Back on the tail end of 2016 I wrote a status update on Facebook which read something to the effect of, “When POC speak on genocide they are talking about subjugation and murder. When white people talk about genocide they are talking about mixed babies.” This is, of course, a reference to the idea of “white genocide” as discussed in white nationalist circles. My white friends — who are not white nationalists — were pissed. The thread turned into 200+ comments deep of mostly white people defending that they don’t mean that when they talk about white genocide, that the status was offensive — but what about my individual marginalization? Even though I stressed that I was speaking about white nationalists, all of these people could not get over how offended they were and spent all night literally #notallwhitepeople-ing on my page. And this is the story about why I never wrote about “white genocide” or how the offense of “good white people” helps to silence the voices of marginalized POC. That violent pushback against the concept, that was aired in my own space with people who I knew, had garnered such hate and vitriol that the idea of writing a full piece to educate people — knowing that backlash from people who did not know me would be much worse — was too much.
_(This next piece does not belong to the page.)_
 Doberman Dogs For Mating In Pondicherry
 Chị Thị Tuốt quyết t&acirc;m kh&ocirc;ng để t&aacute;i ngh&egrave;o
The idea of the comments that would be to sent me and knowing that I would be facing it alone wasn’t something that I was willing to put my mental health through. So I didn’t write it. I stayed silent. In 2018 the concept of white genocide as a racist dog whistle is much more well-known. It has seen some coverage in big-name outlets and none of the people who were upset with me for my comment then would be so now because they are more familiar with it. But consider how much time that the concept had to grow and fester because there was no coverage a year or two ago. I’m not a huge voice but I am a voice and white offense silenced me.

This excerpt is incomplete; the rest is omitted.